Write out the listing exactly, dropping any picture it contains.

INFORMATION SUPPLIED:
# # #

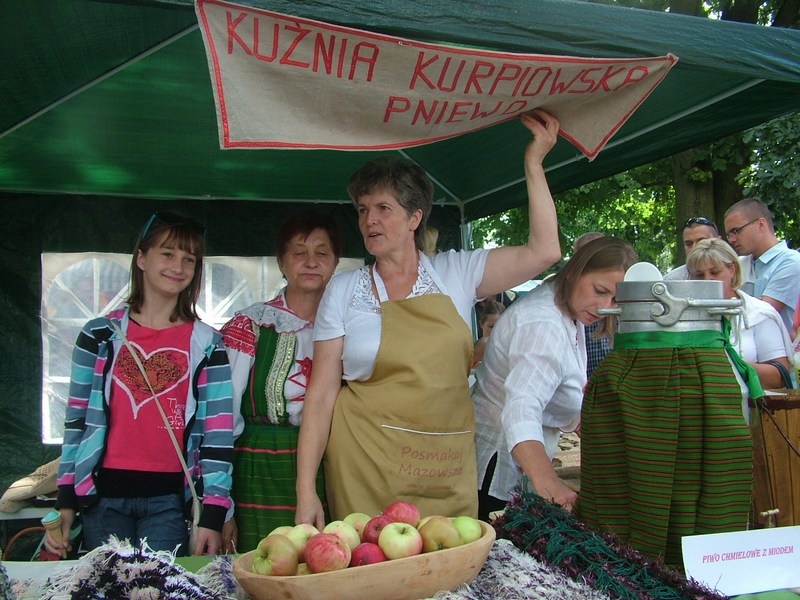 I Festiwal Miodu i Chleba w Kamieńczyku (12.08.2012 r.).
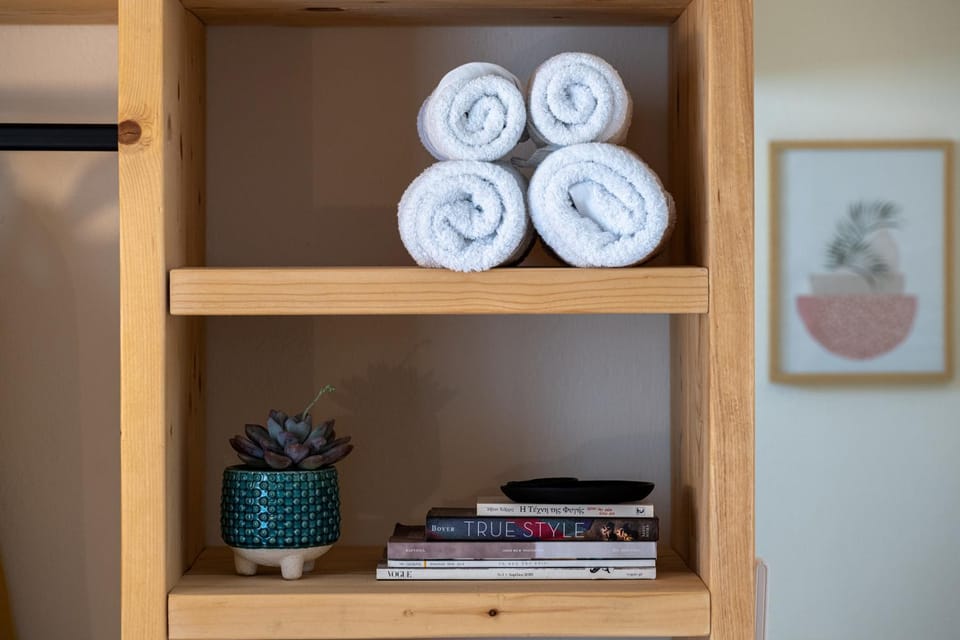 Library, Decorative detail, towels, wardrobe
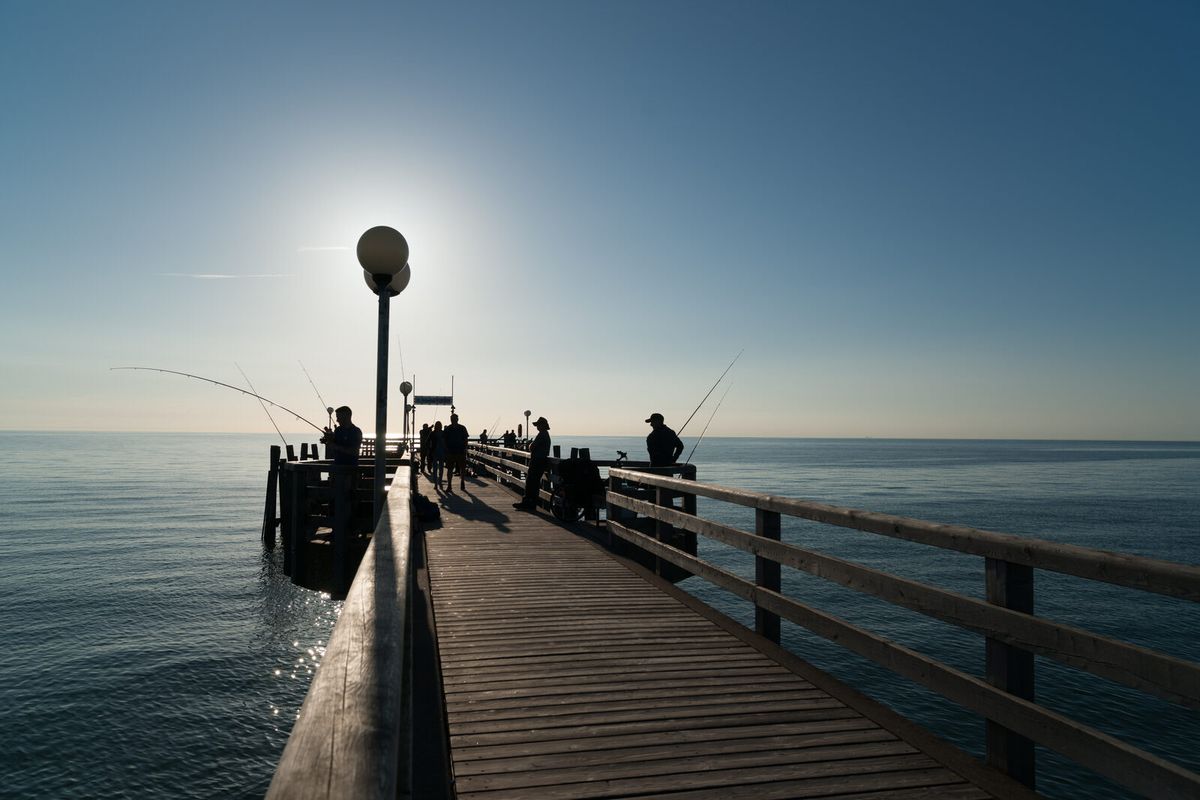 Angler auf einer Seebrücke an der Ostseeküste Mecklenburg-Vorpommerns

# # #

EXERCISE SOLUTION:
 I Festiwal Miodu i Chleba w Kamieńczyku (12.08.2012 r.).
 Library, Decorative detail, towels, wardrobe
 Angler auf einer Seebrücke an der Ostseeküste Mecklenburg-Vorpommerns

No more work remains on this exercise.